Yo mismo susurraba la respuesta: «¡Por Dios!». Eso era cuanto tenía: la exclamación del doctor Ghosh la primera vez que había entrado allí para buscarme, cuando se había quedado detrás de mí mirando la imagen de santa Teresa; luego me había alzado con sus fuertes brazos y con aquella voz suya que nada tenía que envidiar al autoclave había exclamado: «¡Si ya se está viniendo, por Dios!».

Han pasado cuarenta y seis años, más los cuatro desde mi nacimiento, y tengo la oportunidad milagrosa de volver a aquel cuarto. Me encuentro con que ya no quepo en la silla y con que la rebeca de mi madre me cae en los hombros como el amito de encaje de un sacerdote. Sin embargo, silla, rebeca y lámina de la transverberación siguen allí. Yo, Marión Stone, he cambiado, pero lo demás parece casi idéntico. Estar en este cuarto donde todo ha permanecido como siempre impulsa a remontarse en el tiempo y el recuerdo. La inmarcesible imagen de la estatua de santa Teresa de Bernini (ahora enmarcada y detrás de un cristal para que se conserve bien lo que mi madre sólo clavó en la pared) parece exigirlo. Me veo obligado a establecer cierto orden en los acontecimientos de mi vida, a decir aquí empezó, y luego, por esto, pasó aquello, y así es como el final se une al principio y ésa es la razón de que me encuentre en este lugar.

Llegamos a esta vida espontáneamente y, si tenemos suerte, encontramos un objetivo además de hambre, penuria y muerte prematura que es, no lo olvidemos, lo que aguarda a la mayoría. Crecí y hallé mi objetivo, que fue convertirme en médico. Más que salvar al mundo, mi propósito era curarme yo. Pocos médicos lo admitirán, desde luego no los jóvenes, pero de forma subconsciente, al elegir esta profesión debemos creer que curar a otros nos librará del mal que nos aflige. Y puede que así sea. Pero también es posible que ahonde en la herida.

Escogí la especialidad de cirugía por la enfermera jefe, una presencia constante durante mi infancia y adolescencia. «¿Qué es lo más difícil que podrías hacer?», me preguntó cuando acudí a pedirle consejo el día más aciago de la primera parte de mi existencia.

Intenté escurrir el bulto. Con qué facilidad sondeaba la enfermera Hirst el vacío que separa ambición y conveniencia.

—¿Por qué tengo que hacer lo más difícil?
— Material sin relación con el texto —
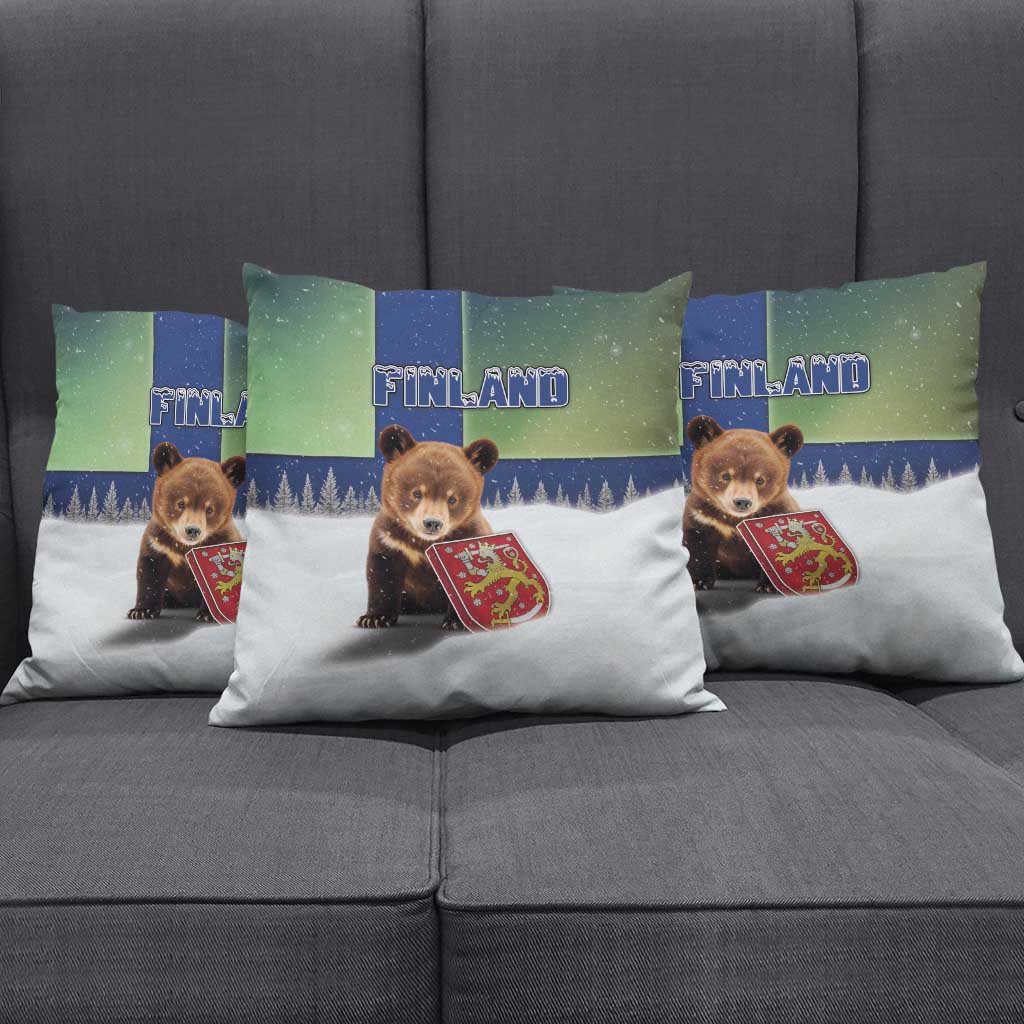 Finland Pillow Cover Brown Bear With Symbol Under The Aurora Sky - Wonder Print Shop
—Porque eres un instrumento de Dios, Marión. No permitas que esa herramienta se quede en el estuche, hijo mío. ¡Actúa! No dejes ninguna parte de tu instrumento sin explorar. ¿Por qué conformarte con Tres ratones ciegos si puedes interpretar el Gloria?

Qué injusta fue al evocar aquel coro sublime que siempre me hacía sentir con el resto de los mortales mirando al cielo lleno de asombro mudo. Ella comprendía mi carácter aún sin formar.

—Pero, enfermera jefe, no puedo soñar con interpretar a Bach, el Gloria… —musité. Jamás había tocado un instrumento de cuerda o viento y ni siquiera sabía leer música.

—No, Marión —repuso, mirándome con ternura, acercándose y posándome en las mejillas sus manos nudosas—. No, el Gloria de Bach no. ¡El tuyo! Tu Gloriavivt dentro de ti. El mayor pecado es no encontrarlo, no hacer caso a lo que Dios hizo posible en tu persona.

Por temperamento, era más apto para una disciplina cognitiva, para un campo introspectivo, tal vez medicina interna o psiquiatría. La sola visión del quirófano me angustiaba; la idea de manejar un bisturí me revolvía y aún me revuelve las tripas. La cirugía era lo más difícil que podía imaginar.

Así que me hice cirujano.

Treinta años después, no soy conocido por la rapidez, la audacia o la pericia técnica. Llamadme seguro, llamadme tenaz; decid que adopto el estilo y la técnica que se adecúan tanto al paciente como a la situación particular y lo consideraré un gran cumplido. Me animan los colegas que acuden a mí cuando ellos mismos deben someterse al bisturí. Saben que Marión Stone se interesará tanto después de la operación como antes y durante. Que aforismos quirúrgicos como «En caso de duda, extírpalo» o «Por qué esperar si se puede operar», en mi opinión, sólo son reveladores fidedignos de las inteligencias más superficiales de nuestro campo. Mi padre, cuyas dotes quirúrgicas me inspiran el más profundo respeto, dice: «La operación que tiene el mejor resultado es la que decides no practicar». Saber cuándo no operar, cuándo no entiendes, cuándo hay que pedir ayuda a un cirujano del calibre de mi padre, ese género de talento, de «genialidad», suele pasar inadvertido.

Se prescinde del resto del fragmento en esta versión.